* [Records provided]
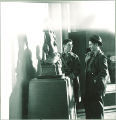 Art students standing near sculpture, The University of Iowa, 1940s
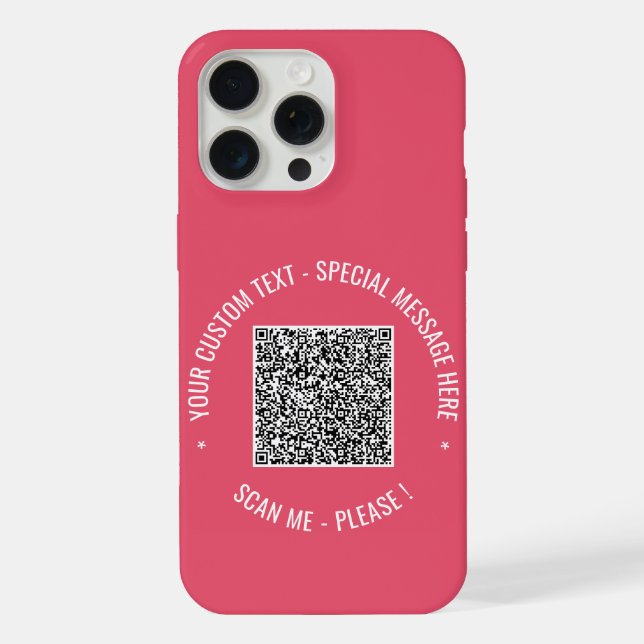 Funda Para iPhone Su Personalizado de código QR Texto Estuche para i (Reverso )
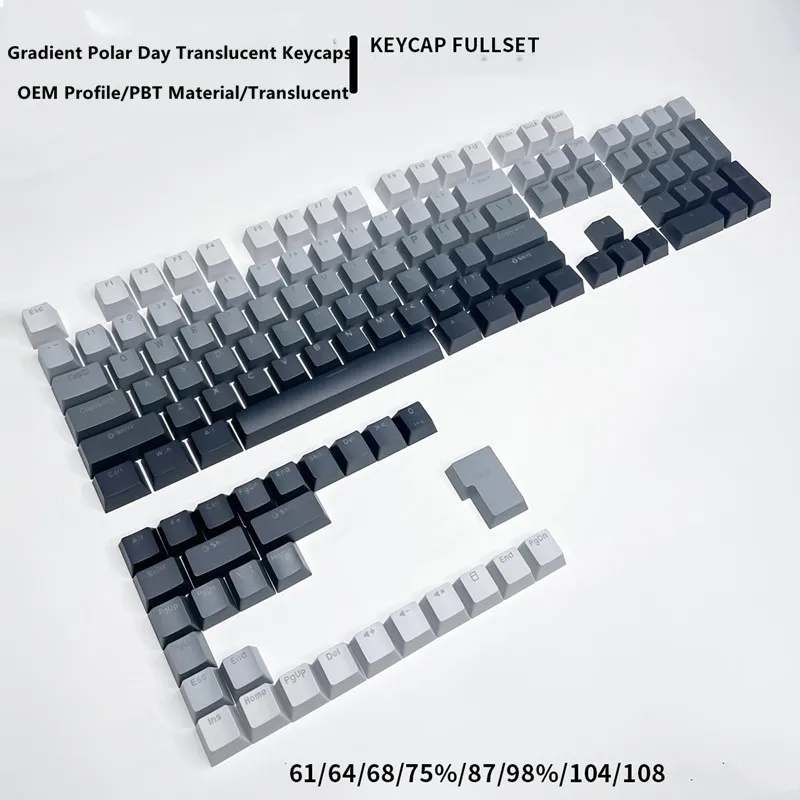 Polar Day Gradient Translucent Personalized Keycaps PBT Material OEM Profile Doubleshot For 61/64/68/104 Mechanical Keyboard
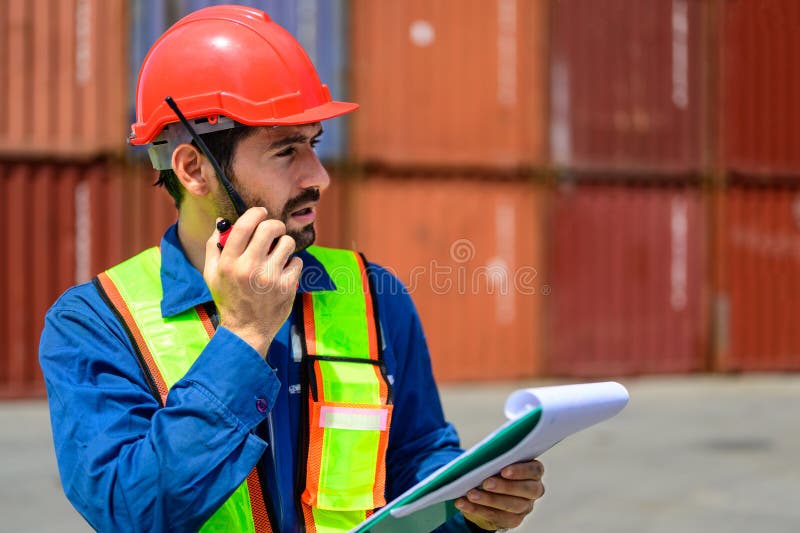 Warehouse Engineer Working at Container Yard Stock Photo Image of international, harbor 271053904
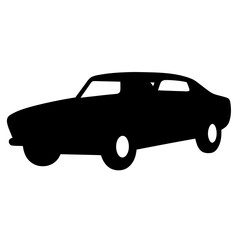 Classic Muscle Car Silhouette Illustration Black and White Image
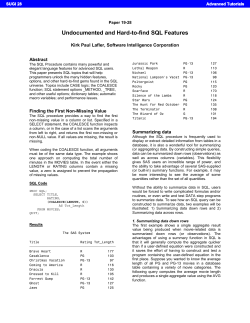 SUGI 28: Undocumented and Hard-to-Find SQL Features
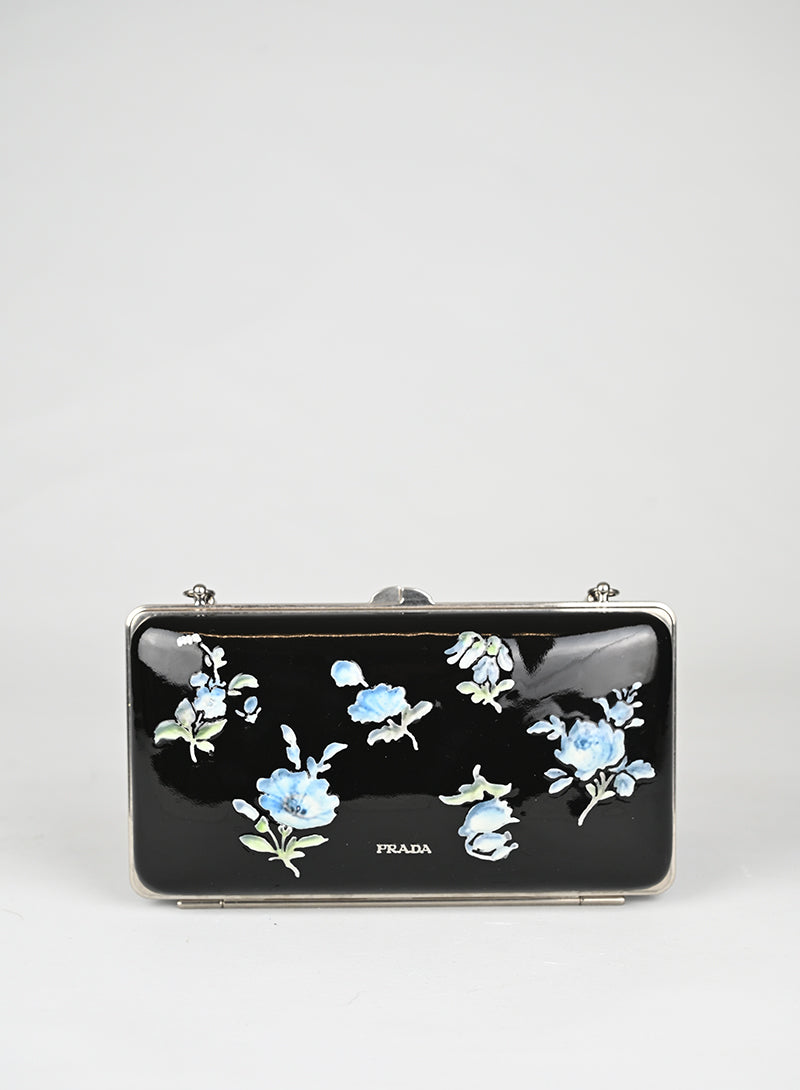 Prada Clutch Vernice Nera Fiori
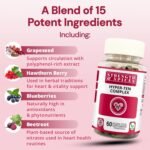 Strength & Spices Blood Pressure Aid, Immune System Booster Herbal Supplements, Blood Pressure Tablets with 15 Natural Ingredients Including Hawthorn Berry and Grape Seed, 1000 mg, 60 Capsules - Image 4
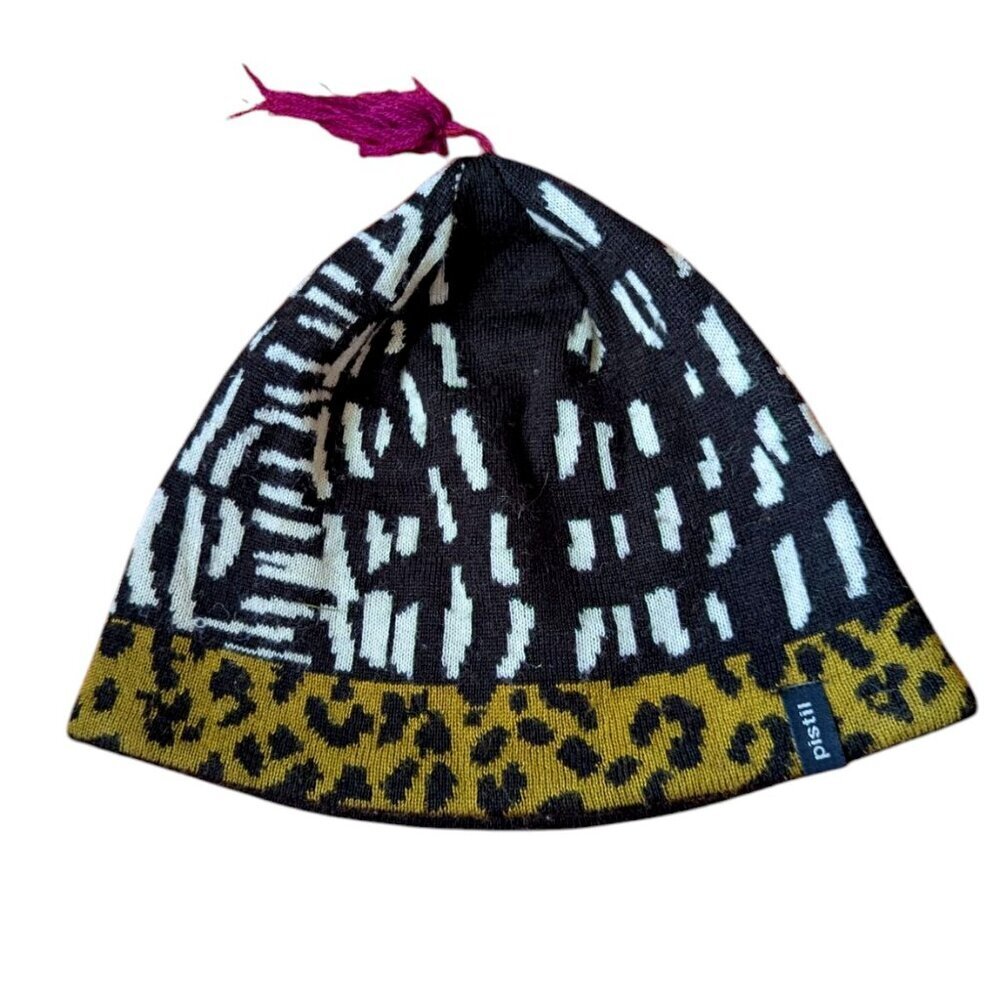 Pistil Wool Hat Tassel Beanie Cap Boho Animal Print Black White Green Winter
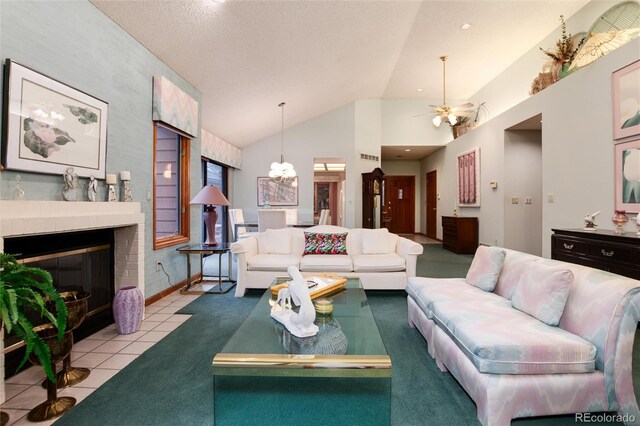 7500 E Dartmouth Ave Unit 16, Denver, CO 80231 - living area featuring lofted ceiling, a chandelier, ceiling fan, a fireplace, and light tile patterned floors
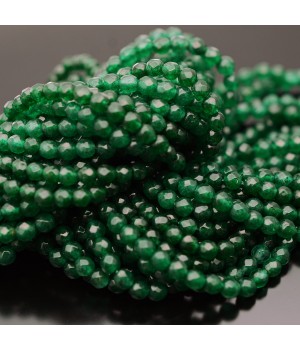 Jade natural(Malasia) 4mm facetado verde, 1 hilo Jade natural(Malasia) 4mm facetado verde, 1 hilo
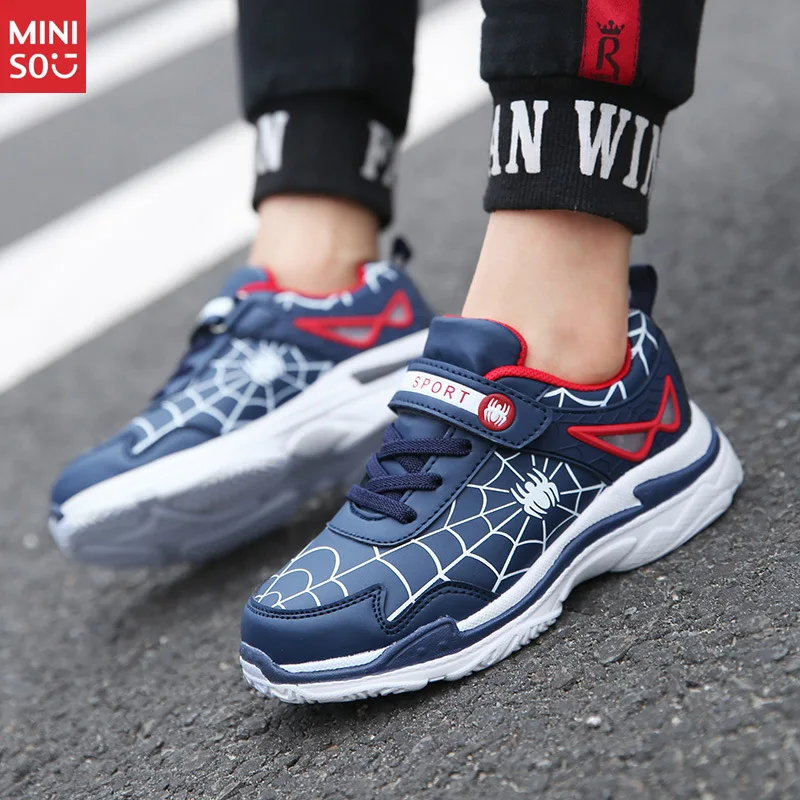 

Miniso Boys Spider-Man Leather Shoes, Waterproof School Sneakers for Big Kids Sports Activities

* [What the task asks] Starting at the line above that contains "Strength & Spices", transcribe every line exactly through the line that contains "Pistil Wool Hat", including that last one, and skip the pictures.

* [Your solution]
 Strength & Spices Blood Pressure Aid, Immune System Booster Herbal Supplements, Blood Pressure Tablets with 15 Natural Ingredients Including Hawthorn Berry and Grape Seed, 1000 mg, 60 Capsules - Image 4
 Pistil Wool Hat Tassel Beanie Cap Boho Animal Print Black White Green Winter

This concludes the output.